This paper addresses the challenging joint localization problem in wireless sensor networks where cooperative and non-cooperative localization coexist, sensor positions are unknown, and targets are communication-inactive. To tackle this nonconvex problem, we propose a structurally decoupled joint optimization model, introducing auxiliary variables to separate coupled decision variables. We design a distributed scaled proximal alternating direction method of multipliers (SP-ADMM-JCNL), the first algorithm for this setting to provide theoretical guarantees of global convergence to KKT points—and hence to critical points of the original problem—with an $O(1/T)$ convergence rate.
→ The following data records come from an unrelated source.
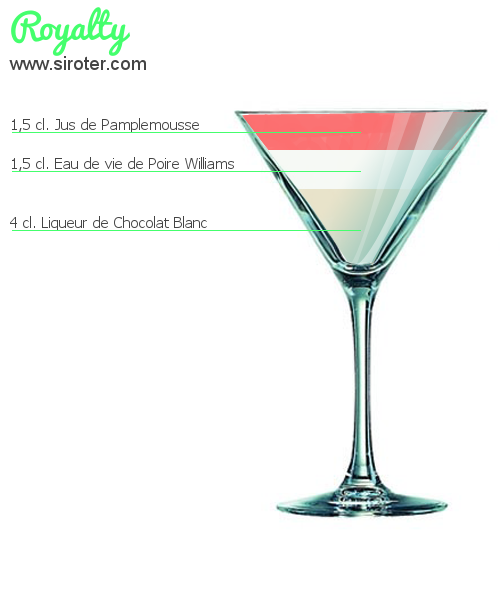 Recette Cocktail ROYALTY Cocktail ROYALTY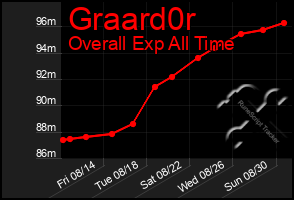 Total Graph of Graard0r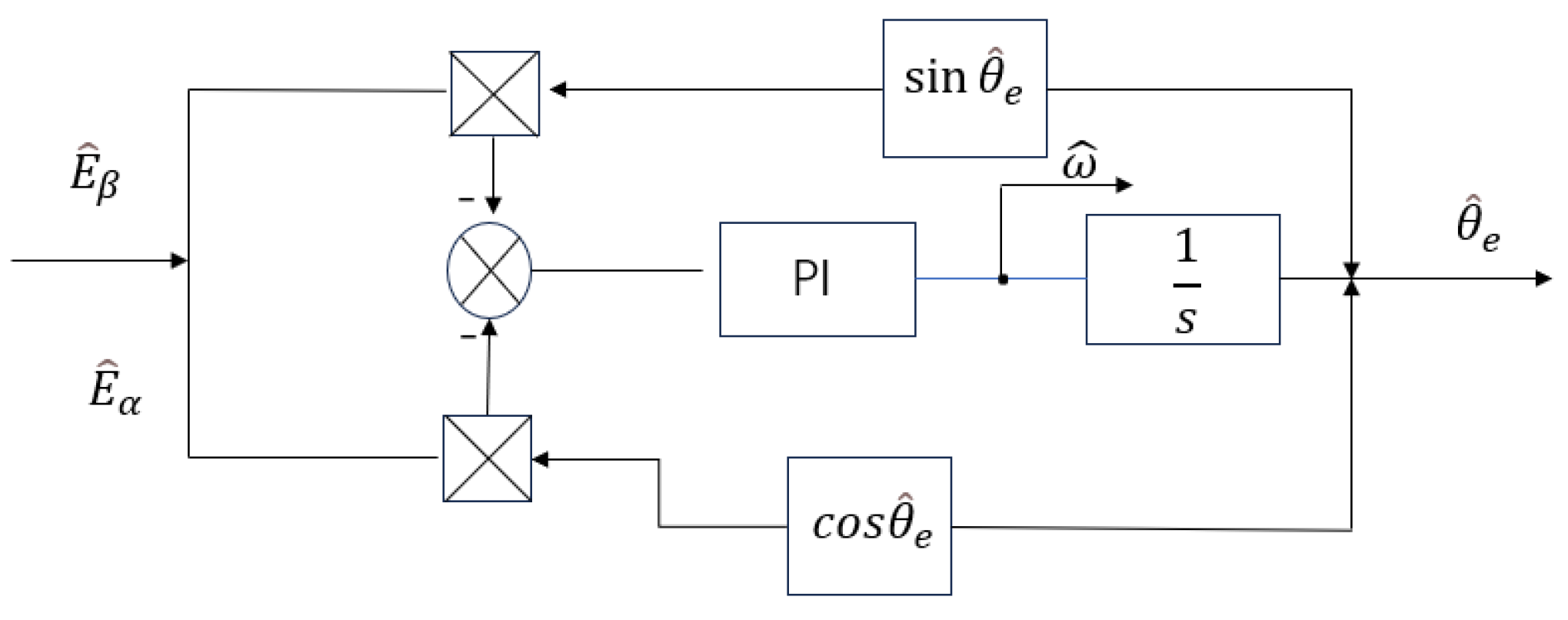 Electronics 14 01900 g005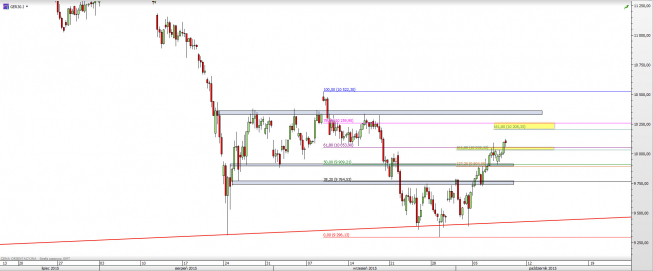 Wykres 4-godzinowy CFD na DAX <span> Źródło: TMS Direct <span> Wykres 4-godzinowy CFD na DAX <span> Źródło: TMS Direct <span>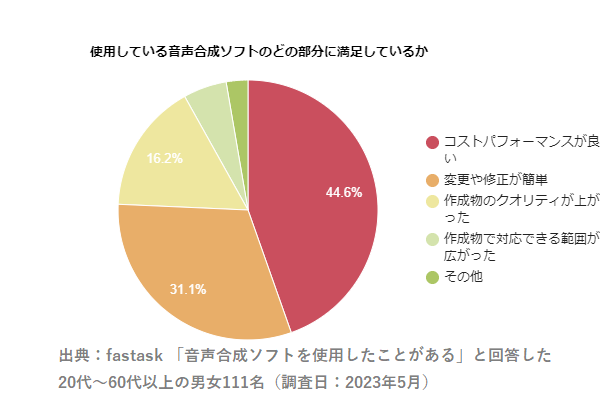 Q6.あなたは使用した音声合成ソフトのどのような部分に満足していますか？最も近いものを回答してください。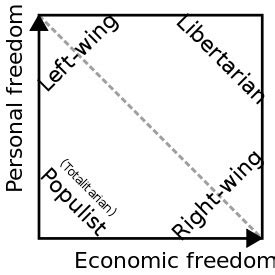 Economically Conservative Yet Socially Tolerant? Find Yourself on the ...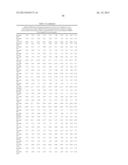 MICRORNAS DIFFERENTIALLY EXPRESSED IN CERVICAL CANCER AND USES THEREOF diagram and image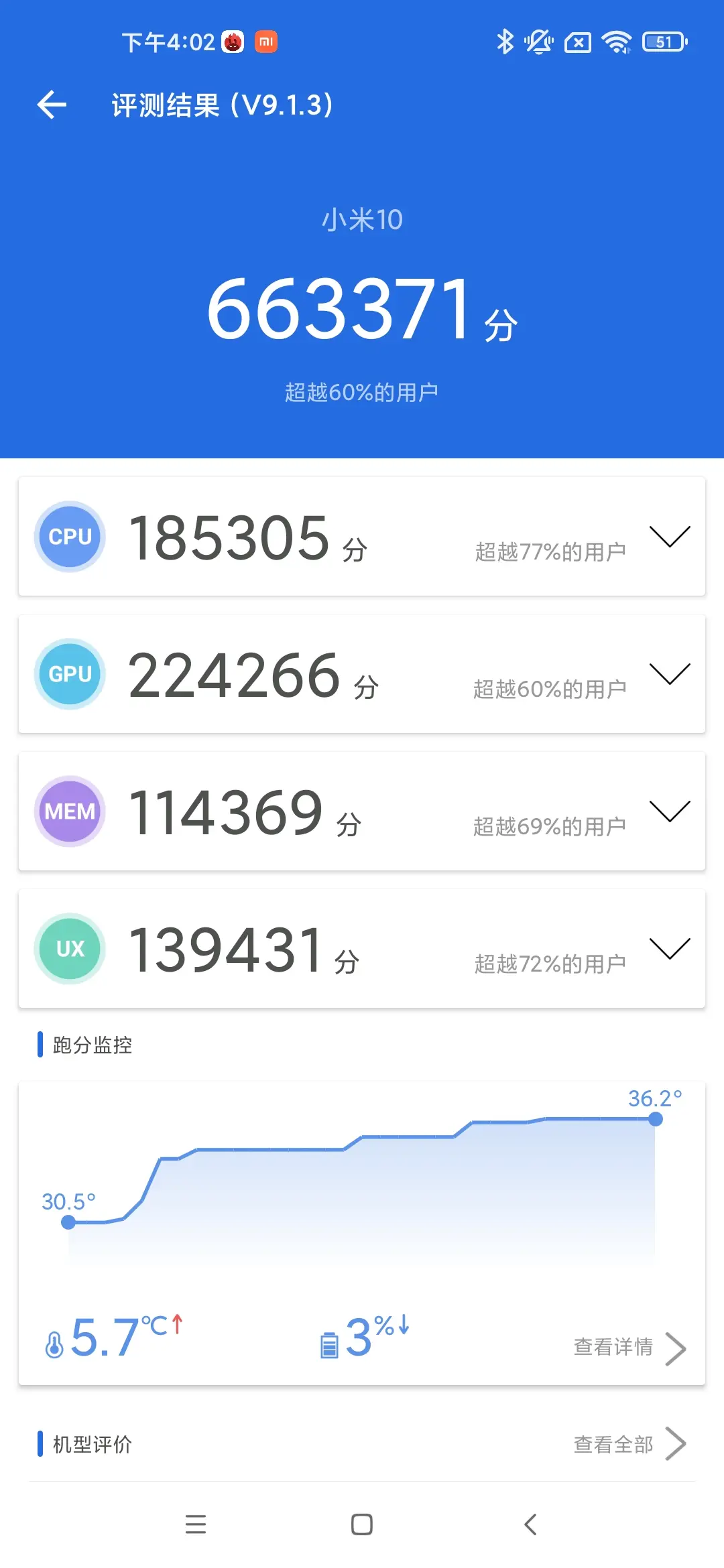 iqooz3跑分图片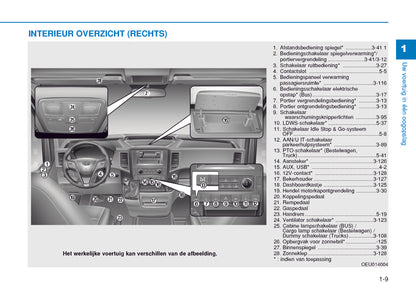 2015-2016 Hyundai H350 Owner's Manual | Dutch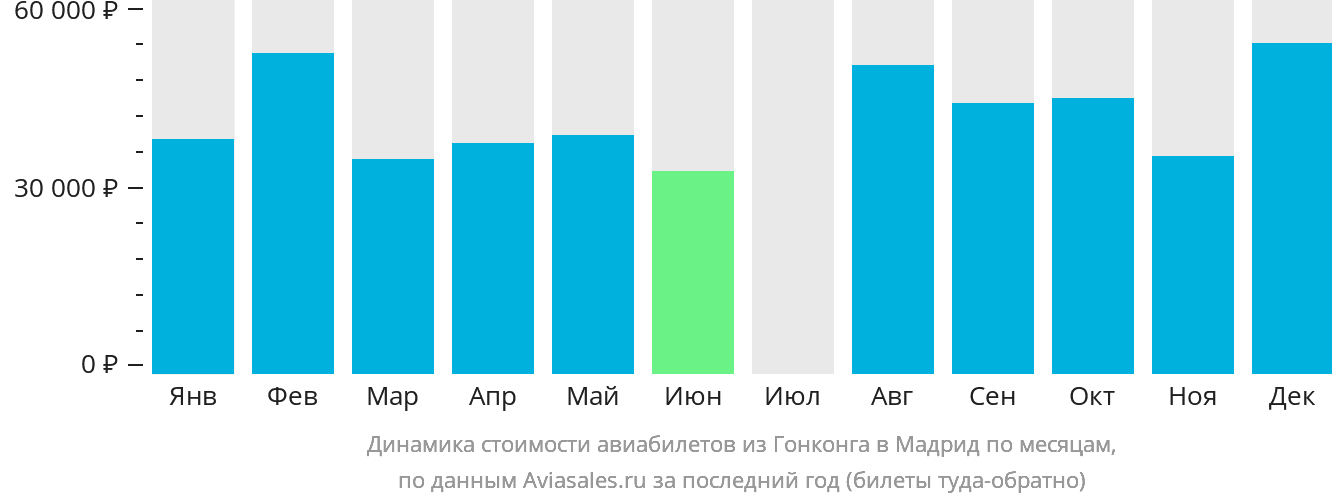 Динамика стоимости авиабилетов из Гонконга в Мадрид по месяцам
The algorithm supports parallel computation and fully distributed implementation. Extensive experiments on synthetic and benchmark datasets demonstrate that our method significantly improves localization accuracy and robustness, enabling real-time collaborative sensing in large-scale networks.

Cooperative and non-cooperative localization frequently arise together in wireless sensor networks, particularly when sensor positions are uncertain and targets are unable to communicate with the network. While joint processing can eliminate the delay in target estimation found in sequential approaches, it introduces complex variable coupling, posing challenges in both modeling and optimization. This paper presents a joint modeling approach that formulates cooperative and non-cooperative localization as a single optimization problem. To address the resulting coupling, we introduce auxiliary variables that enable structural decoupling and distributed computation. Building on this formulation, we develop the Scaled Proximal Alternating Direction Method of Multipliers for Joint Cooperative and Non-Cooperative Localization (SP-ADMM-JCNL). Leveraging the problem's structured design, we provide theoretical guarantees that the algorithm generates a sequence converging globally to the Karush-Kuhn-Tucker (KKT) point of the reformulated problem and further to a critical point of the original non-convex objective function, with a sublinear rate of O(1/T). Experiments on both synthetic and benchmark datasets demonstrate that SP-ADMM-JCNL achieves accurate and reliable localization performance.